Sadat made powerful enemies. Throughout the Arab world he was called a traitor and Egypt paid for the peace treaty with the loss of its status in the Arab world (though Hosni Mubarak regained that status about a decade later.) Some in Israel responded with suspicion as well and spoke of Sadat’s visit as an Egyptian trick whose purpose was to weaken Israel.
“They do not want us here” — that is the basic assumption of all those who have headed up negotiations. If the Palestinians were to be polled on the question, “Do you support or oppose Israel’s existence?” the results would encourage the prime minister. But Israel is an enlightened and moral country.
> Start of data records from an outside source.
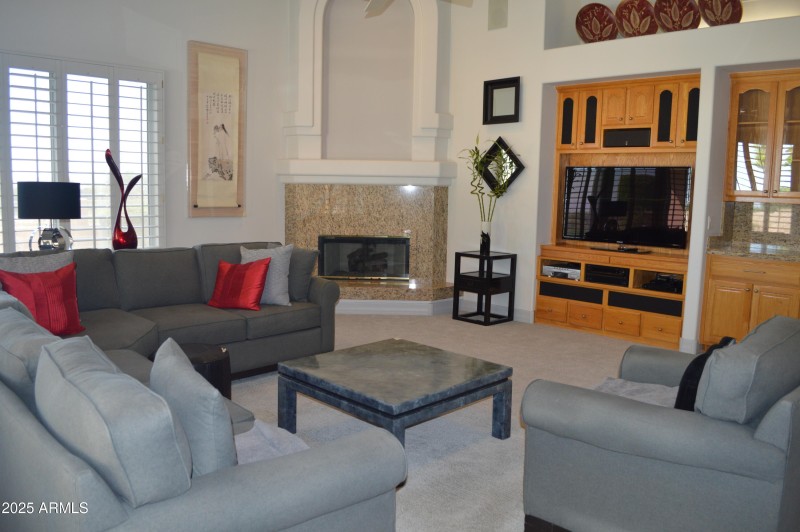 Family room DSC_0010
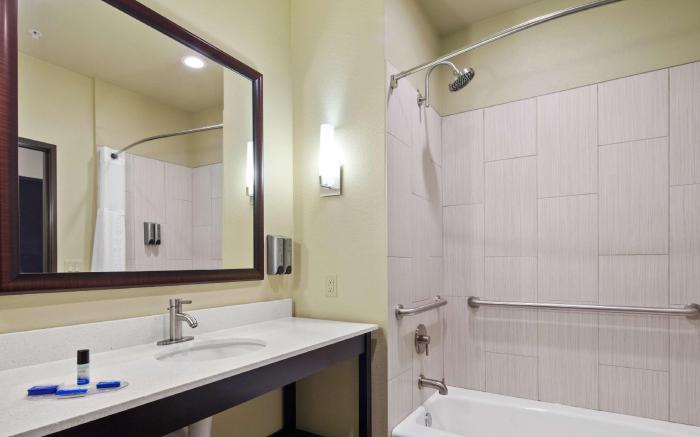 Best Western Lindsay Inn and Suites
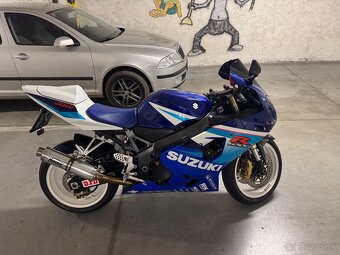 SUZUKI GSXR 600 - 9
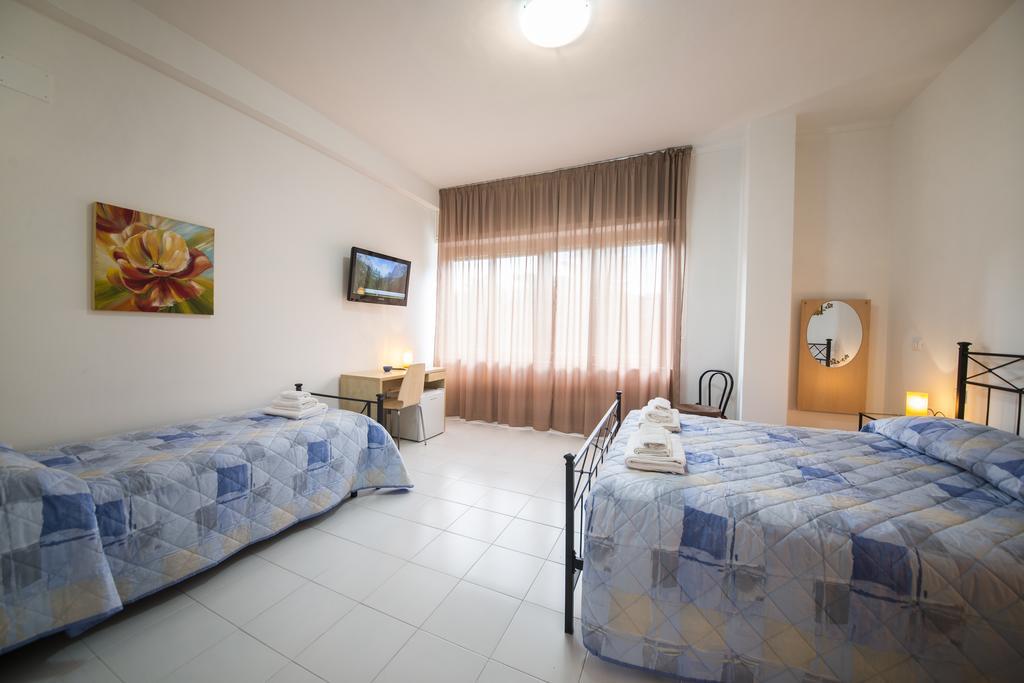 Camere Oberdan Foligno Extérieur photo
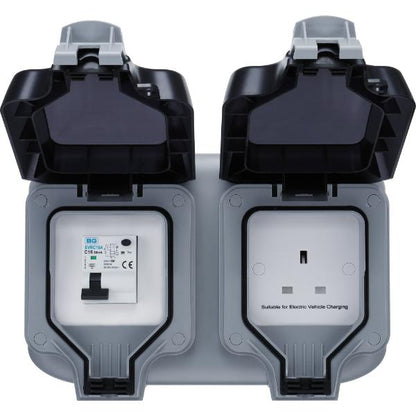 Masterplug 13A Single Switched Socket, IP66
If the Jews were polled about their willingness to accept the Arab citizens of Israel — who lived in Palestine for many generations before Avigdor Lieberman ever dreamed of moving to the Holy Land — and live beside them, it seems obvious what the result would be.
But still, Netanyahu pulled out that dusty card when things got tough. The Bar-Ilan University speech is not important. To hell with the need for a peace agreement — we are going back to square one: they do not want us here.
What is going to happen now? Cynics and devotees of the saying “The work of righteous people is done by others” will say that a good time has come upon us. No more vague wording. Does Uri Ariel want to build? Let him build. Does Naftali Bennett want to annex? Let him annex. That is the only way Israel will be able to deal with the refined right wing: Ariel and Bennett will increase the chances of a change in public opinion.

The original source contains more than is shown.